Hi! I am working on defining a grid of points as a graph, the points act as the nodes and the relationship between these points ( which have to be defined) are to be defined as the edges. I am scripting it in c# on grasshopper using the QuikGraph library, I was wondering if anyone has worked on this topic and if this is the best way to approach this.
Hi @Aishwarya_Arun,
Heteroptera already has a nice set of tools for working with graphs.
There is also networkx if you want to switch over to python.
It only works in rhino 7 with an older version of networkx but much of the core functionality is the same… I’ve gotten a newer version working but only through HOPS.
Well … I have more than 100 C#'s dealing with Graphs. Some are entry level/simple (say up to 300 lines) some not so (say 1-2+K lines). Most are strictly internal. Since I’m in the AEC market sector the scope is to outline trusses/envelopes/etc … and all related parafernalia: island/bridge detection, weak regidity detection/fix, short A* paths, routing in general (Ham/PMST/TSM/etc), clash checks/fixes, interactive on the fly node mods … blah, blah.
So if you need tips … post your code(s) here assuming that (a) are public, (b) you can deal 100% with the Connectivity (VV, VE, EV) part of the story, (c) your goals are more or less well defined.
That said I never work - for more than obvious reasons - with any kind of add-on (other than K2).

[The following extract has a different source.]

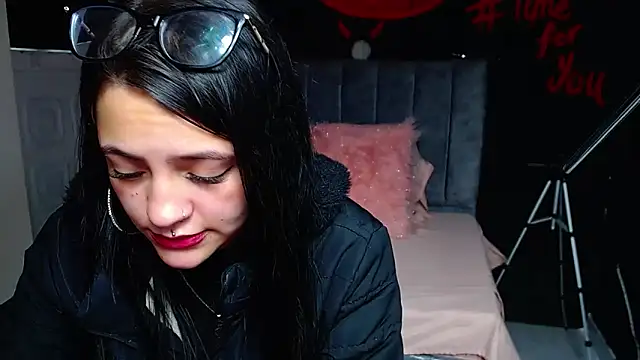 Violettasquirt online show from 5, 3, 2026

The question is too generic. Which type of graph is best suited is up to the problem. In programming, graphs are usually used to organize data. Apart from Arrays, all collections are graphs. A List of T is a (simple) graph. A Dictionary as well. There are tree structures like Binary Trees, Kd Trees etc. A mesh is basically just a graph. But what you need is up to the problem. However, I would always advocate for understanding the topic and implementing it for yourself. I’m rather against using plugins/libraries for simple things. Although understanding recursion is not easy for beginners, it will pay off at the end.